Le seuil d’alerte (limite de qualité) a été franchi mais il semble qu’on soit encore assez loin du risque sanitaire (valeur sanitaire maximale). Et il faut savoir aussi que l’essentiel des pesticides que nous absorbons, ne provient pas de l’eau mais du reste de notre alimentation.
Bien entendu, des mesures de prévention s’imposent pour réduire la quantité des pesticides dans l’eau et dans l’environnement. Une pétition à l’initiative de maires, de présidents de régies d’eau potables et de responsables associatifs demande leur interdiction immédiate dans les aires d’alimentation des captages d’eau.
Cela m’amène à un dernier point. Le Sedif souhaite mettre en place un nouveau procédé de traitement de l’eau : l’osmose inverse basse pression. C’est l’équivalent pour l’eau douce, de la desalinisation de l’eau de mer.
L’eau produite est déminéralisée : elle n’est pas potable. Elle doit être mélangée avec une eau d’une autre filière (nanofiltration) pour être consommée.
Ce procédé est controversé pour plusieurs raisons. Il amène une consommation d’énergie supplémentaire importante : +45% ! Il nécessite un prélèvement supplémentaire d’eau de 15% (quand le plan eau demande de réduire nos prélèvements de 10%). Il conduit au rejet de concentrats de polluants dans les cours d’eau.
Ce procédé est aussi très coûteux : 870 millions d’euros en investissements, plus des frais de fonctionnement supplémentaires. Le coût de production de l’eau va être multiplié par deux. Et une hausse de facture de 30 à 40 cts / m3 (pour 1,47 €/m3 aujourd’hui) est d’ores et déjà annoncée pour les usagers domestiques.
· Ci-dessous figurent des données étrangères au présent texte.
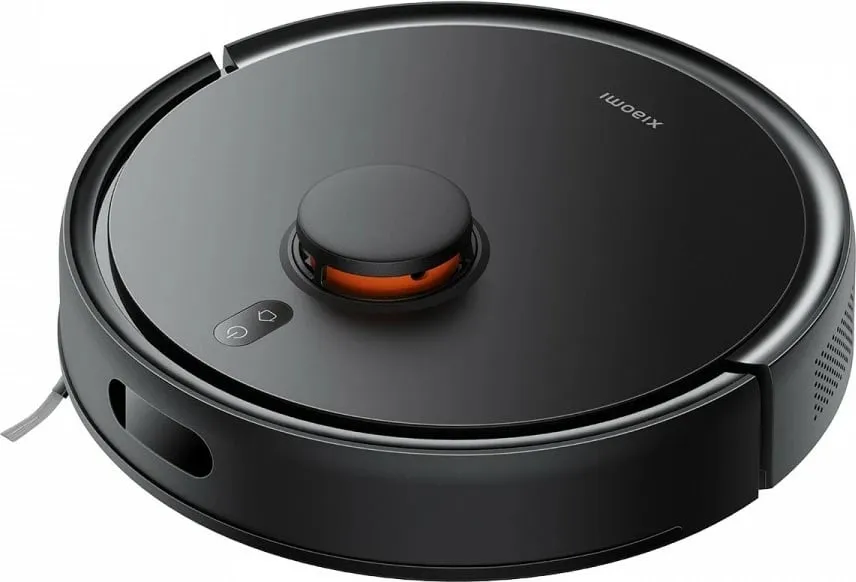 FSHESE ROBOT XIAOMI S20 BLACK - 5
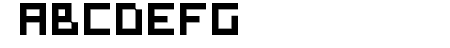Symtext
Ce projet est jusqu’au 20 juillet le sujet d’un débat organisé par la commission nationale du débat public, sous différentes modalités : réunions publiques, stands, plateforme numérique, etc.
Est Ensemble est bien entendu concerné, même si l’EPT ne fait plus partie du SEDIF. Ce projet remet notamment en question les possibilités de mutualisation et de secours entre opérateurs en région parisienne.
Aussi il me semble important d’inciter les habitants d’Est Ensemble à s’informer et à participer au débat public. Dans ce sens, une adresse de plusieurs EPT (Est Ensemble, GOSB, …) et d’autres intercommunalités (GPS, etc.) est en préparation.
Sur le fond, l’EPT pourra aussi discuter et exprimer sa position dans le cadre du débat public.
Vous le voyez, avec la régie publique, vous êtes au cœur de nombreux enjeux d’avenir pour notre territoire et ses habitants.